JAKARTA - Komisi Pemberantasan Korupsi (KPK) kembali memanggil Dirjen Perlindungan dan Jaminan Sosial (Linjamsos) Pepen Nazaruddin sebagai saksi dalam kasus suap pengadaan bantuan sosial (Bansos) COVID-19.
Dia akan diperiksa sebagai saksi untuk salah seorang tersangka Adi Wahyono.

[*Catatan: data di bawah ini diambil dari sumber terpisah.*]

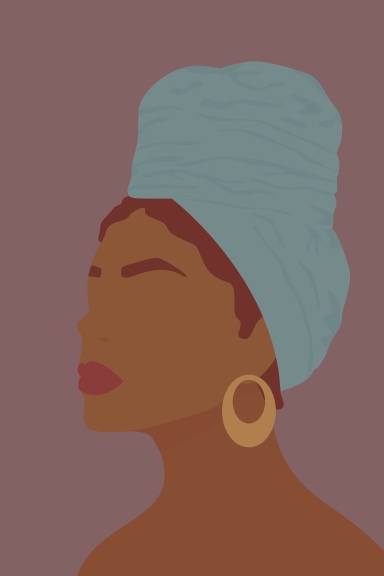 Black Woman's Self-Care-Wrap (Notebook)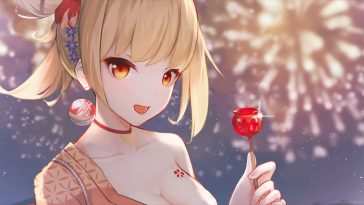 《原神》Yoimiya烟花动态壁纸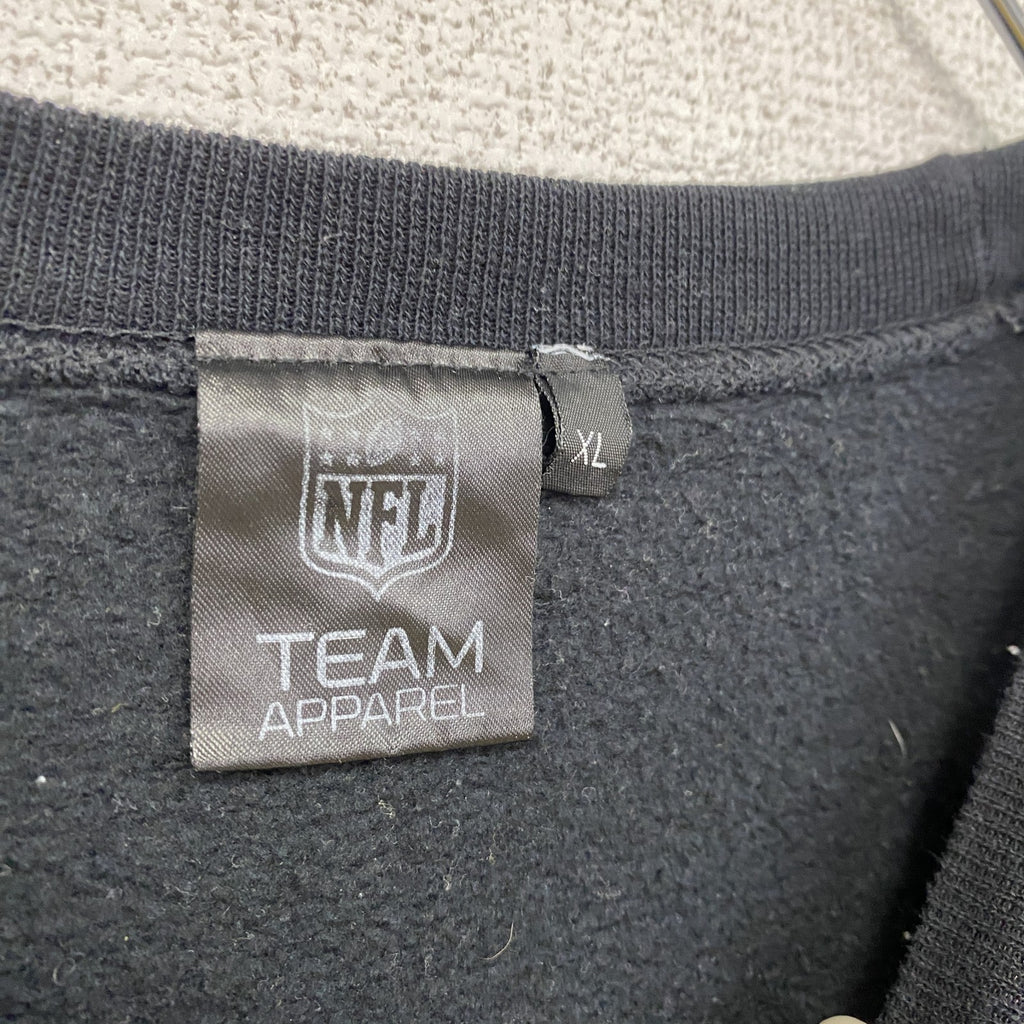 NFL　TEAM APPAREL　チームアパレル　スウェット/トレーナー　黒　ブラック　XLサイズ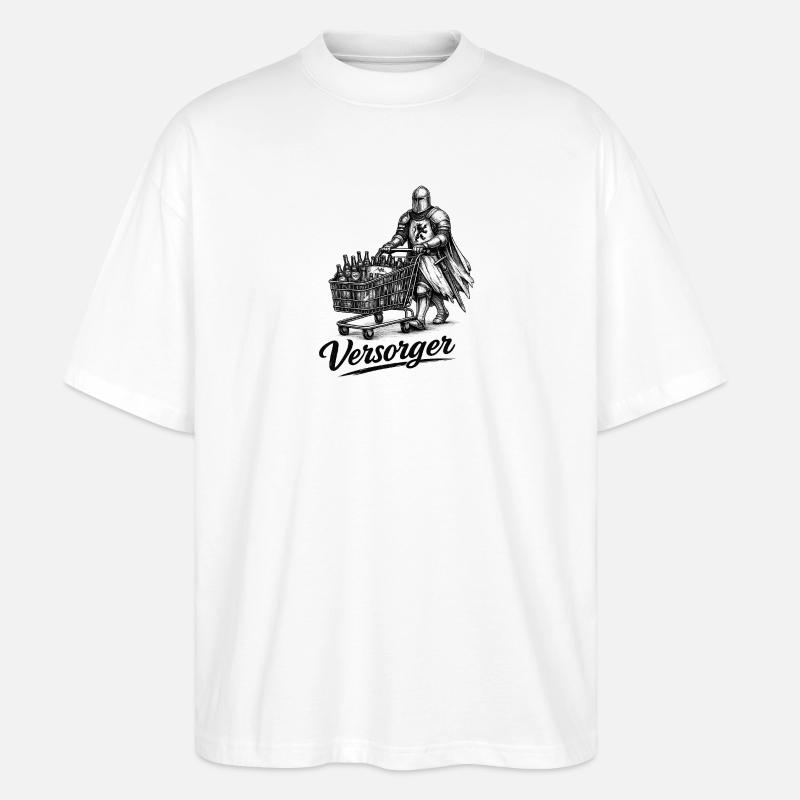 Ritter Biermann - Stanley/Stella Oversized Unisex Bio T-Shirt Blaster 2.0 - Weiß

"Diperiksa sebagai saksi untuk tersangka AW," kata Plt Juru Bicara KPK bidang Penindakan Ali Fikri dalam keterangan tertulisnya, Jumat, 22 Januari.
Selain memeriksa Pepen, KPK juga memeriksa sejumlah pihak untuk tersangka yang sama. Mereka adalah Senior Assistance Vice President Bank Muamalat Indonesia Agustri Yogasmara, swasta bernama Yanse, Sekretaris PT Pertani Muslih dan staf ahli Menteri Sosial, Kukuh Ari Wibowo.
BACA JUGA:
Dalam perkara yang sama, KPK juga melakukan pemeriksaan terhadap 2 saksi untuk tersangka Ardian IM. Mereka adalah Direktur PT Integra Padma Mandiri Fera Sri Herawati dan swasta dari PT Pesona Berkah Gemilang Abdurahman.
Sebelumnya, KPK juga pernah melakukan pemeriksaan terhadap Pepen. Saat itu, KPK mendalami proses penentuan rekanan pengadaan bansos.
Tak hanya itu, penyidik komisi antirasuah juga telah melakukan penggeledahan di kediaman Pepen dan hasilnya sejumlah dokumen diamankan dan akan ditelisik lebih jauh karena diduga terkait dengan kasus dugaan suap ini.
Diketahui, KPK menetapkan sejumlah tersangka terkait dengan dugaan kasus korupsi bantuan sosial (bansos) paket sembako untuk pengananan COVID-19 di wilayah Jabodetabek termasuk Menteri Sosial non-aktif Juliari Batubara.
Selain Juliari, KPK juga menetapkan empat tersangka lainnya yaitu Pejabat Pembuat Komitmen di Kementerian Sosial (PPK) MJS dan AW sebagai penerima suap serta AIM dan HS selaku pemberi suap.
Kasus ini berawal ketika Juliari menunjuk dua pejabat pembuat komitmen (PPK) Matheus Joko Santoso dan Adi dalam pelaksanaan proyek ini dengan cara penunjukkan langsung para rekanan.
KPK menduga disepakati adanya fee dari paket pekerjaan yang harus disetorkan para rekanan kepada Kementerian Sosial. Adapun untuk fee setiap paket bansos COVID-19 yang disepakati Matheus dan Adi sebesar Rp10 ribu dari nilai sebesar Rp300 ribu.
Matheus dan Adi kemudian membuat kontrak pekerjaan dengan beberapa suplier sebagai rekanan penyediaan bansos pada Mei-November 2020. Rekanan yang dipilih adalah AIM, HS, dan PT Rajawali Parama Indonesia alias PT RPI yang diduga milik Matheus dan penunjukannya diketahui Juliari.
Pada pendistribusian bansos tahap pertama diduga diterima fee Rp 12 miliar. Matheus memberikan sekitar Rp 8,2 miliar secara tunai kepada Juliari melalui Adi yang kemudian digunakan untuk memenuhi kebutuhan pribadi.
Dalam operasi senyap ini, KPK juga menyita barang bukti berupa uang yang sudah disiapkan dari pemberi suap yakni AIM dan HS di salah satu apartemen di Jakarta dan Bandung. Uang Rp14,5 miliar disimpan di sejumlah koper dan tas serta terdiri dari pecahan rupiah dan uang asing.